After months of anxiety and delays, the Southern California Institute of Architecture will break ground today on its campus in downtown Los Angeles.

Some renovation work at the school's new home, a nearly quarter-mile-long former railroad freight terminal in the artists' loft district, is already underway and is scheduled to be completed by the end of August--nearly nine months behind schedule. Until then, SCI-Arc and its 500 students and staff will continue to work out of portable classrooms and a giant tent adjacent to the terminal.

SCI-Arc has received significant support from city officials and downtown business leaders who are trying to revive the central city with new educational and cultural institutions and amenities.

"We recognize the value of having SCI-Arc downtown," said Jeff Walden, director of Mayor Richard Riordan's L.A. Business Team. "We're pleased that they are getting ready to start their renovation and remodeling."

Despite substantial political backing, SCI-Arc has faced numerous challenges in establishing a downtown campus.

The school is going ahead with the project without Beverly Hills-based SY Realty Investors, which announced plans last fall to purchase the 10.5-acre parcel that would include the school, 400 proposed units of housing and new commercial space. In September, SCI-Arc relocated its campus from the Marina del Rey area to the temporary buildings on the downtown site, but SY Realty failed to close escrow on the property.

In addition, the school sought city sponsorship of a bond issue that would reduce its borrowing costs and allow it to purchase the terminal building.
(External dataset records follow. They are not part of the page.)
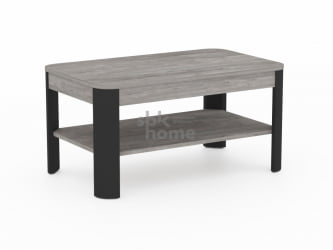 Стол журнальный, Лацио (900*550*450) Риббек серый/Фреско, 60904 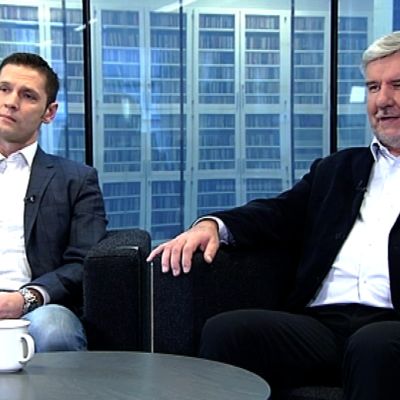Sinuhe Wallinheimo (kok.) ja Toimi Kankaanniemi (ps.)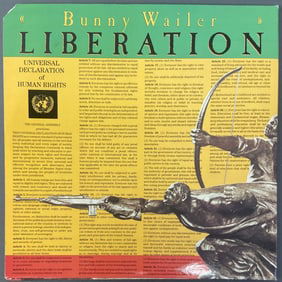 Bunny Wailer Liberation Vinyl Import Album Liberation by Bunny Wailer, Shanachie Records, 43059,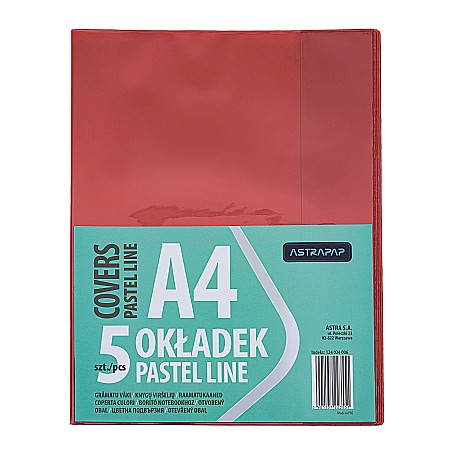 AS COPERTA PLASTIC A4 DIVERSE CULORI 5/SET 124024006 [3]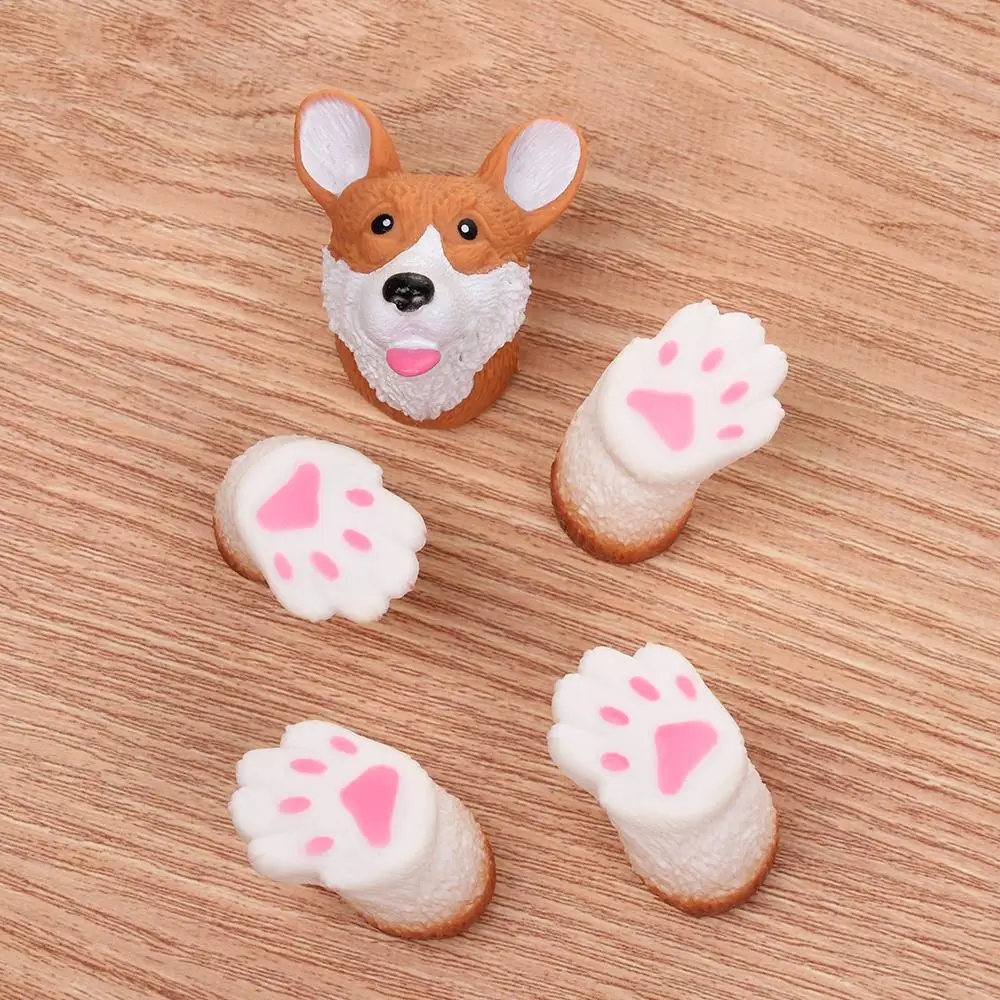 Dog Squirrel Cat Hand Puppet Props random combination Finger Dolls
But those plans have been postponed until the school can establish the "extremely strong credit" borrowers will demand, said Carey Jenkins, manager of the city's Industrial Development Authority.

Property owner Dynamic Builders and its founder Ramon Bonin stepped into the picture by agreeing to renovate the terminal building and lease it to the school for several years. SCI-Arc eventually will buy the building, said Ken Jackson, director of sales for Dynamic Builders.

Officials from SY Realty did not return phone calls seeking comment. SCI-Arc President Neil Denari was traveling and could not be reached for an interview.

Jackson said that Dynamic Builders is talking to two potential buyers interested in developing the remainder of the site at 3rd Street and Santa Fe Avenue for housing.

"They are people who understand residences in a loft setting," said Jackson, whose firm specializes in industrial properties. "It's going to create a lot of energy in the area."